The city's "self cleaning" Millennium Spire has cost €1.1m to keep its shine since it was erected six years ago.
Extensive cleaning and maintenance programmes have been needed on the landmark monument, which is one of the tallest scuptures in the world and is too high for normal repairs.
The self-cleaning properties of the Monument of Light, which was supposed to keep its sheen as the city's rain washed down its slightly slanted sides, have proved a dismal disaster.
The metal has become badly smeared and joints between individual sections have become more obvious.
And the lights at the top have failed on at least five occasions, when the 1,200 bulbs inside were supposed to last for at least 20 years.
Dublin City Council says €324,868 has been spent this year on lighting repairs and a major cleaning operation.
Because of the Spire's height, a huge crane had to be put in place to carry out the operation.
Last year, the council spent a further €435,633 on the same type of cleaning and lighting repairs.
In 2006, maintenance of the spike cost €238,432 and between 2003, when it was erected, and 2005 the council spent a further €180,00 on maintenance and cleaning.
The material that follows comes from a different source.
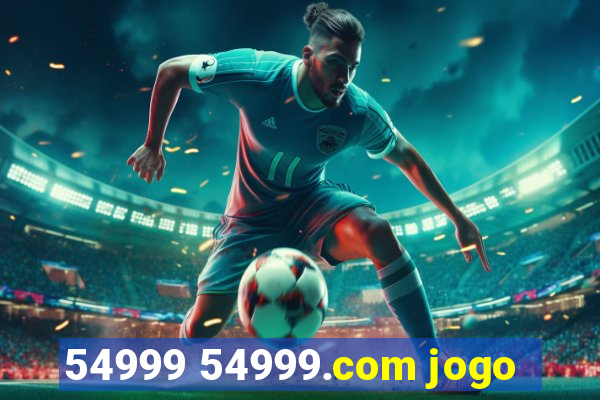 54999 54999.com jogo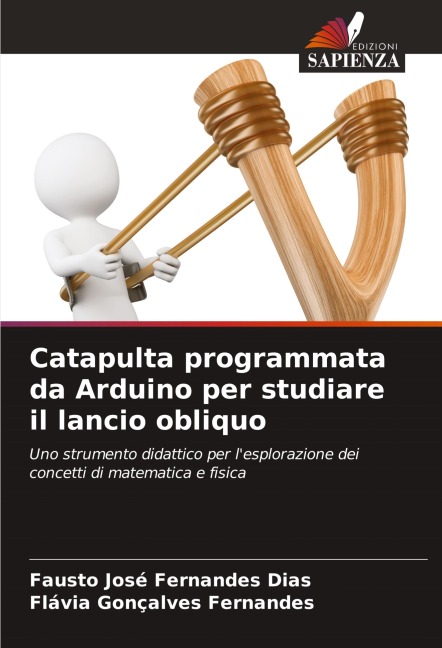 Catapulta programmata da Arduino per studiare il lancio obliquo - Fausto José Fernandes Dias, Flávia Gonçalves Fernandes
The massive cleaning bill is in addition to the €5m spent on construction.
Dublin City Council says that 2007 and this year saw "exceptional years" with major lighting repairs and cleaning.
The lower section of the Spire has to be cleaned every morning at 7am and the first 12 metres are washed thoroughly four times a year.
The landmark was designed by the architectural firm of Ian Ritchie, a British- based designer.